I remember the first time I'd visited Cronulla Beach at night. It was cold and fresh and I was meandering around the walkway that separated Wanda & Cronulla beaches. It was lit by street lamps and high apartments on one side, and the moon streaming into the sea on the other side over the steel railings. I looked up at the apartments and considered the idea of what would be the perfect life. I had the vision of a perfect woman, and a vastness and "everythingness" that pertained to all that was around me - it was a magic moment. I became like "nothing" and I was at one with everything. Life sped up from that point on, it was definitely a shift in consciousness for me. That was 8 July 1996.
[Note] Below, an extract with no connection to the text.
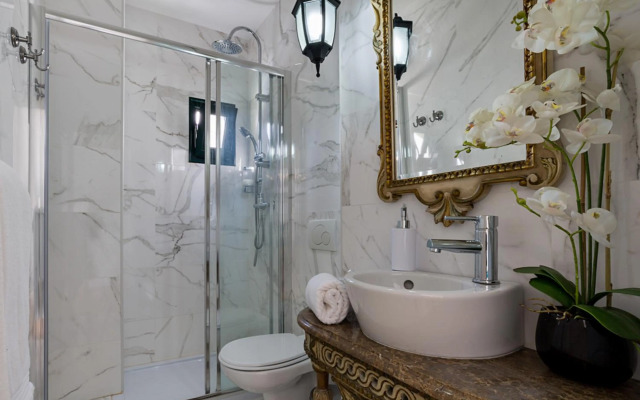 the gallery Studios II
For a period of about 2-3 years back around 2004-5 I would go to a tennis club on the last Friday of every month for a music night. Often it would be the one event I'd be looking forward to most of all during the month. The club is up in the North Shore just as you approach the bridge leading into the Northern Beaches. The area was generally freshly aired and leafy, and the club itself had a pleasantly, neutral vibe. And that was the thing that appealed to me, a no pressure, good music environment, away from the hum and "sting" of the inner city music scene. I like that sense of being out of the way a little, where the vibe is pleasant and safe and neutral, and away from where it's trendy and happening. And that's the quality I love about Eva's music.
I first encountered Eva in a two-page spread in the weekend edition of the Sydney Morning Herald back in 2001. I went out and bought 'Eva by Heart' and 'Live at Blues Alley' immediately, so drawn was I to what I read about her. I figured she was the female equivalent of Nick Drake, realising later that she was to be a lot than that to me.
I didn't love her music straight away. But there was an expanse of feeling, an openness, in this music that drew me in and immediately warranted a second listen. Within three years, I was hooked.
Eva Cassidy has been one of my greatest teachers. She's taught me, or has awoken in me at a deeper level, an appreciation of life, of the wonder of nature, and the bittersweet transience of it all. Her influence has made me a happier, more enlightened person, and for that I remain eternally grateful.